- Exercise directions -
Below is some data. Retype exactly the lines starting at the one with "IX.5.9 Pompeii. May" and ending at the one with "Foto Christian Beck, ERC Grant 681269 DCOR.".

- Data provided -
○ ○ ○ ○ ○

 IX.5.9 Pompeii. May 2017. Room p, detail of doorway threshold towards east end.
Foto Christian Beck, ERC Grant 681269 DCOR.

○ ○ ○ ○ ○

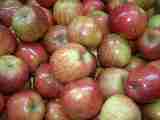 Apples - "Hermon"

○ ○ ○ ○ ○

- Result of the exercise -
 IX.5.9 Pompeii. May 2017. Room p, detail of doorway threshold towards east end.
Foto Christian Beck, ERC Grant 681269 DCOR.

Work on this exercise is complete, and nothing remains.